The government plans to amend Sections 32 and 32A of the Registration Act, 1908, for this.
While this is expected to ensure foolproof property titles for the buyers, it will also minimise the scope of fraudulent and benami transactions.
The department of land resources, under the Ministry of Rural Development, has already written to state governments and Union Territories, advising them to notify rules mandating “consent-based Aadhaar authentication” at the time of registration of documents.
The Centre is also planning to amend the Registration Act, 1908, to provide legal backing to Aadhaar-enabled authentication of documents. The Ministry of Rural Development did not respond to emails sent on Tuesday. The Aadhaar law allows the Central Identities Data Repository, under the UIDAI, to offer authentication services. “The Authority shall perform authentication of the Aadhaar number of an Aadhaar number holder submitted by any requesting entity, in relation to his biometric information or demographic information, subject to such conditions and on payment of such fees and in such manner as may be specified by regulations,” states Section 8 of The Aadhaar (Targeted Delivery of Financial and Other Subsidies, Benefits and Services) Act, 2016.
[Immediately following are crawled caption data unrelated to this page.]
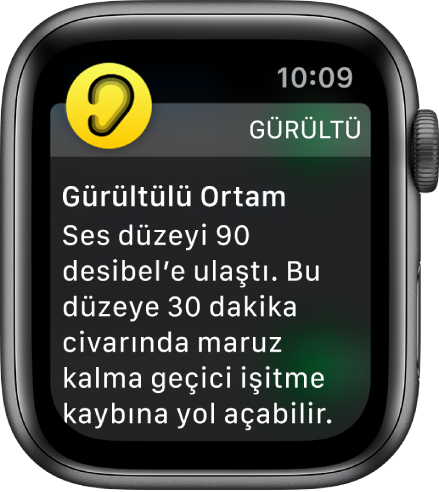 Ekranında Gürültü bildirimi gösteren Apple Watch. Bildirimle ilişkili uygulamanın simgesi sol üstte görünür. Uygulamada açmak için bu simgeye dokunabilirsiniz.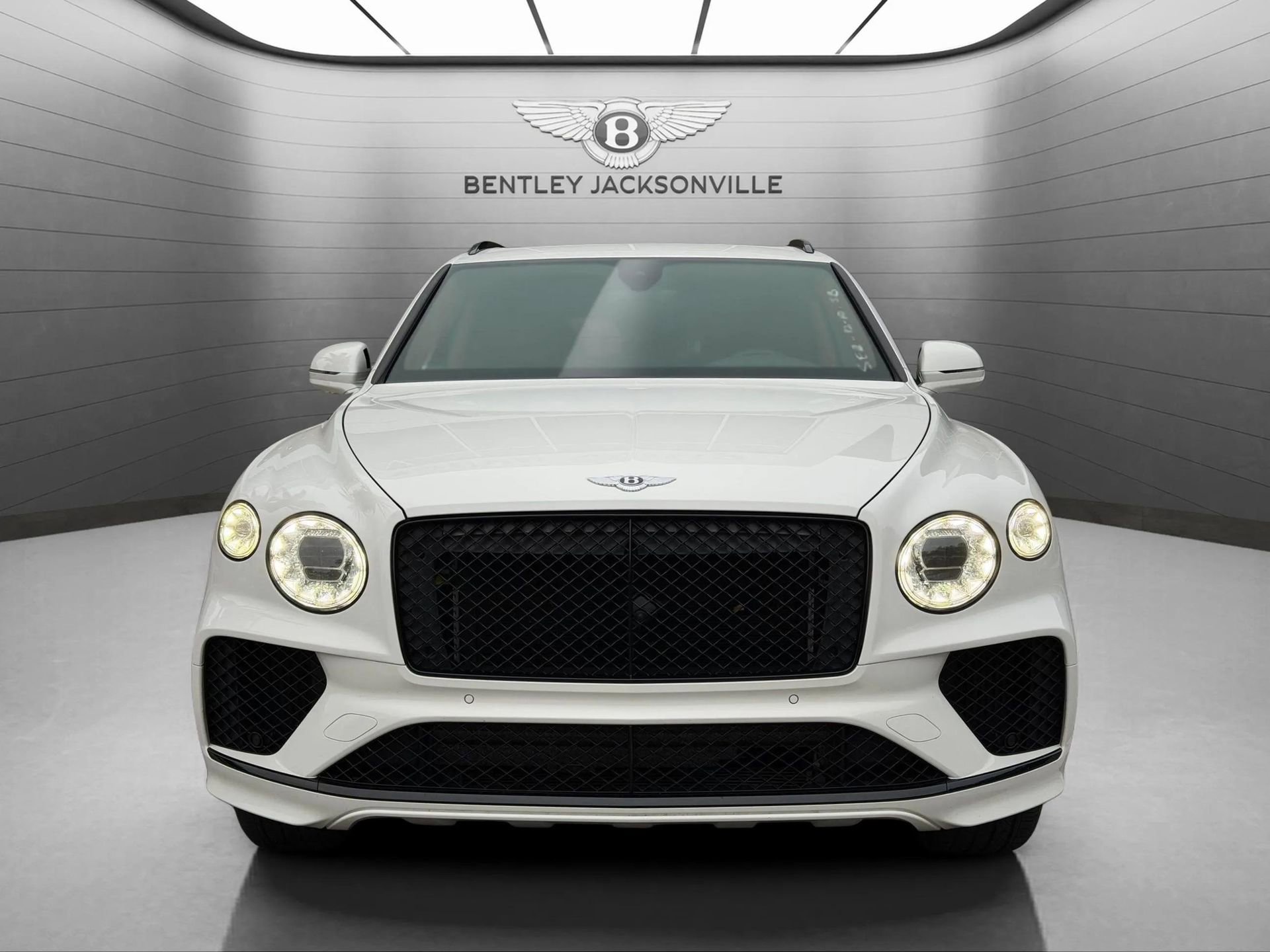Certified 2022 Bentley Bentayga image 8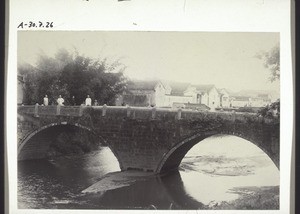 Steinbrücke bei der Stadt Kayintschu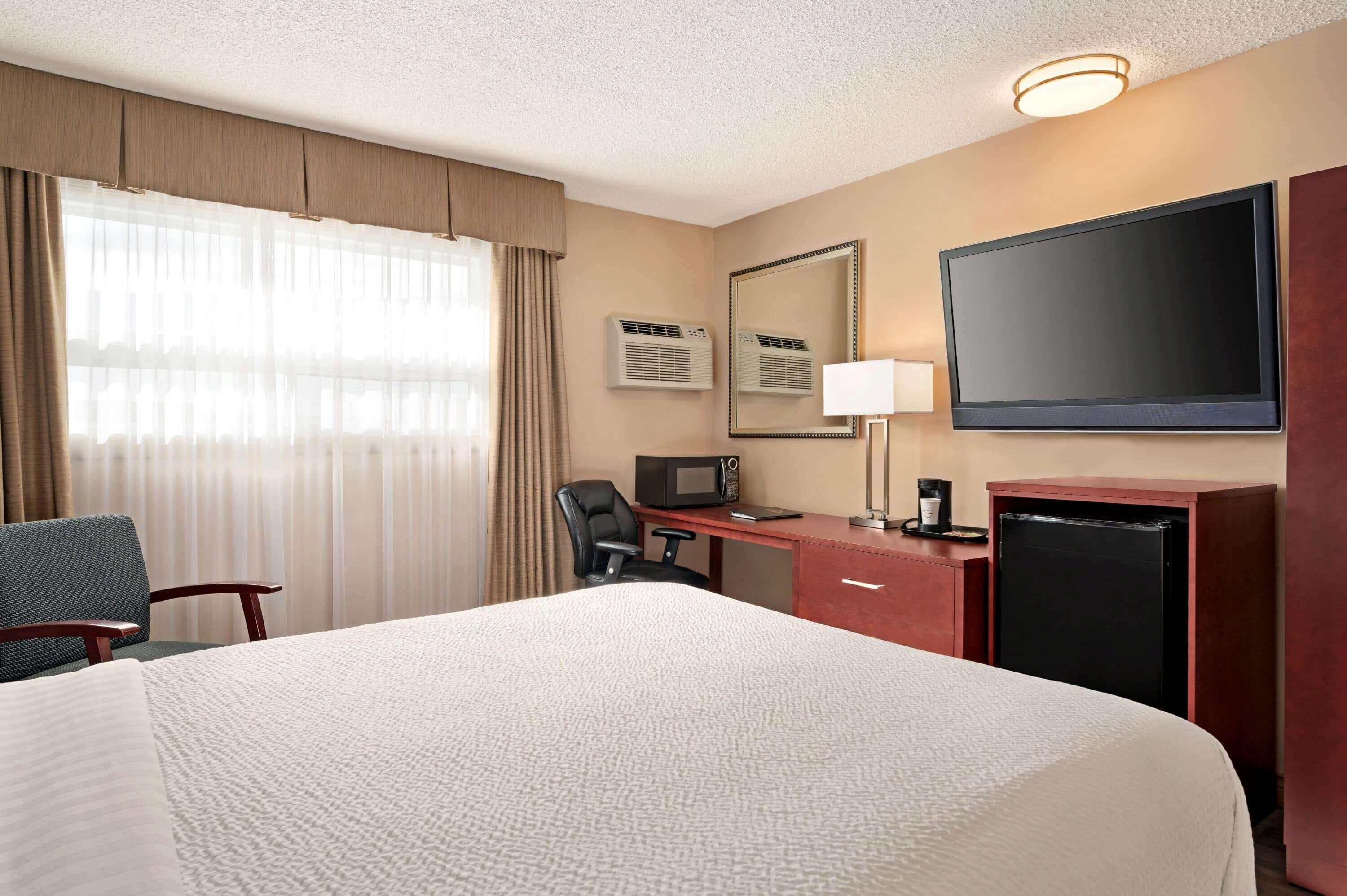 Days Inn By Wyndham Фредериктон Экстерьер фото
The latest move comes after a series of measures adopted by the government to curb the use of black money and benami transactions in the real estate industry. Besides demonetisation, which resulted in a sharp decline in real estate transactions, the government also enacted the Benami Transactions (Prohibition) Amended Act, 2016 last year, which empowers authorities to provisionally attach and eventually confiscate benami properties.
It further said that a person found guilty of benami transactions would face rigorous imprisonment for at least one year, which can be extended up to seven years. The person shall be liable to pay a fine, which may extend to 25 per cent of the fair market value of the property.
In a letter sent to chief secretaries and administrators of all states/ UTs on March 9 this year, the Centre said: “To enable consent-based Aadhaar authentication services for registration of documents, the state government/UT Administration/Inspector General of Registration of the State/UT will need to exercise powers contained in Section 69 of the Registration Act, 1908.”
According to Section 69 of the Act, “the Inspector-General shall exercise a general superintendence over all the registration-offices in the territories under the state government, and shall have power from time to time to make rules consistent with this Act… generally, regulating the proceedings of the Registrars and Sub-Registrars.”
The existing law, however, does not mention Aadhaar of Aadhaar-enabled authentication.